Now of course, you need to understand this is the reference(!) to a low-level controller, which will try and follow this reference velocity. So, the actual robot might move differently (due to control errors or kinematic constraints, especially non-holonomic constraints).
What is usually fancifully called Sensor Fusion is a simple State Observer of which there are a couple of well-known ones: The Luenberger/State Observer which is described in the linked Wiki above, and three Kalman Filter:
Standard Kalman
Extended Kalman (EKF)
Un-Scented Kalman (UKF)
which essentially all work by correcting prediction error.
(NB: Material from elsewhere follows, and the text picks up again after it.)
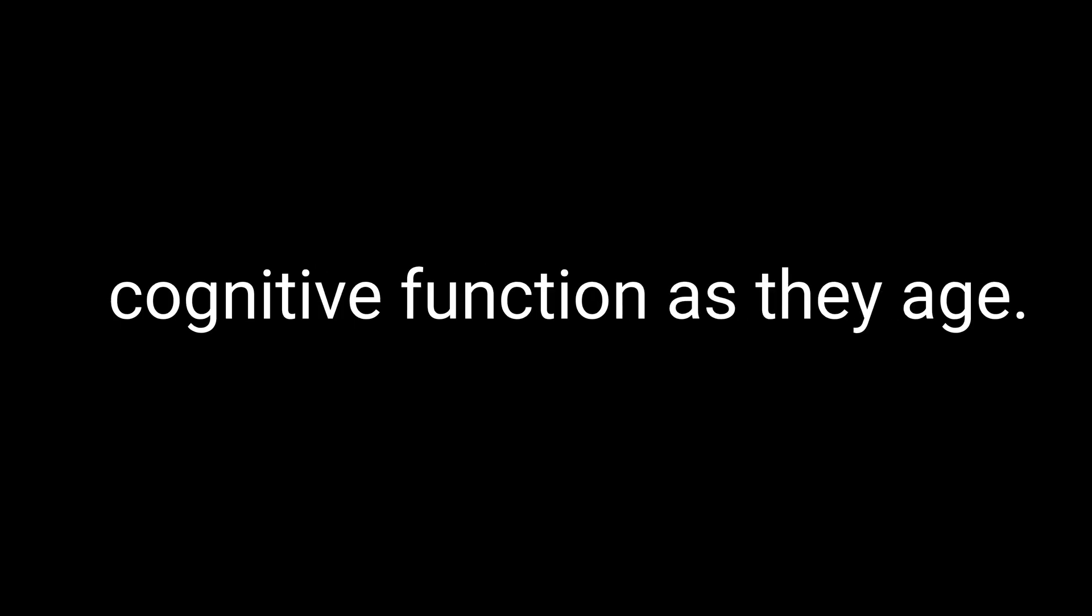Now that we've covered the potential benefits of 9-ME-BC, let's talk about when and why people might choose to use this nootropic. Firstly, individuals looking for cognitive enhancement might choose to use 9-ME-BC. This could include students looking for a boost during exam periods, professionals needing to stay sharp for demanding projects, or even older adults seeking to maintain their cognitive function as they age. The potential memory enhancing, attention boosting, and learning improving effects of 9-ME-BC make it a popular choice for these individuals.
The scope of the answer is too small to go into details, but I invite you to read about those concepts in the provided links, as they will clear things up.
Now this is a scheme of any observer.
Here's a translation in "Robotic Terms":
Plant = Robot
Reference Signal = Twist/StampedTwist
Controller = Low-Level Controller
Output = Sensor Data (Gyro, IMU etc.)
Observer = Observer (Kalman, Luenberger etc.)
The output of your Observer is the State Estimate - which usually for robots means the estimated current position and velocity (relative to a fixed frame - usually called odom).
I sincerely hope this clears it all up. And here's what it looks like "inside" the Kalman Filter:
which - again - minimizes prediction error by correcting iteratively.